The U.S. credit markets were flat to wider on the day. The BofA Merrill Lynch High Yield Master Index ended an impressive six day rally by increasing 7 basis points to a spread of 675. The spread on both the U.S. Corporate Index and Bank Index got dressed up for nothing by closing where it started. The Corporate index which contains over four thousand investment grade bonds closed at 205 basis points over comparable maturity Treasuries. The U.S. Bank Index ended at a spread of 271 basis points.

As BP shares kiss the lows on the NYSE, spreads on the much-maligned oil company, spiked in CDS trading. BP 5-Year CDS increased 49 basis points to a spread of 526.

5-Year BP Credit Default Swap Spread - Historical Chart

Stocks couldn’t hold key technical support levels and declined. The S&P 500 lost 1.6 percent to 1095.31 while the Nasdaq dropped 1.2 percent to 27.29. The CBOE VIX advanced 8.4 percent to 27.05.

The Dollar Index rallied to 86.091, an advance of 0.2 percent.
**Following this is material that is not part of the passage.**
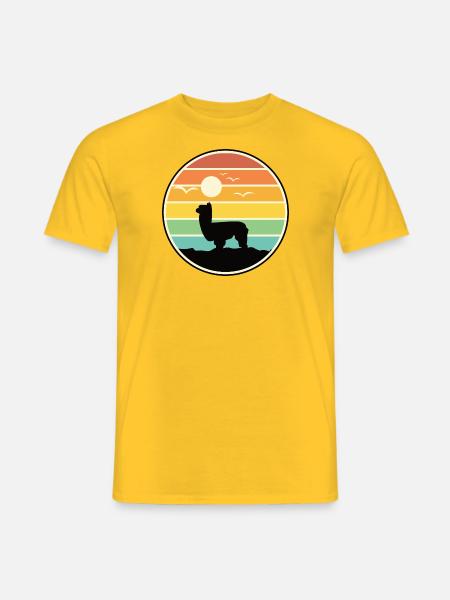 Alpaca silhouette before sunset - Men's T-Shirt - yellow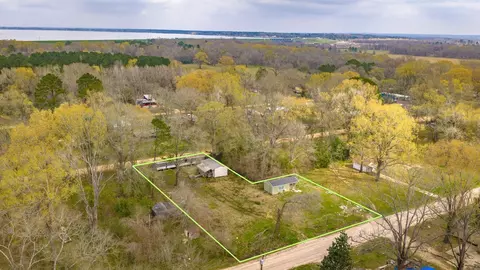 551 Martinez St, Coldspring, TX 77331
The Euro declined 0.4 percent to 1.2268 while the British Pound gained 0.3 percent to 1.4806.

Gold spot prices increased 0.5 percent to 1239.95.

The Federal Reserve will announce its decision on monetary policy as they conclude their FOMC meeting tomorrow afternoon at 2:15pm EST. The Fed is expected to maintain its Federal Funds target rate at 0.25 percent with similar language as before. In addition, the Mortgage Bankers Association will release applications activity for the week ending June 18. Also, New Home Sales figures is on for tomorrow as surveys suggest an annualized figure of 410,000 which is an increase of 18.7 percent. Thursday, Durables Goods for May will be released along with Weekly Employment Claims numbers with first quarter GDP figures set for Friday.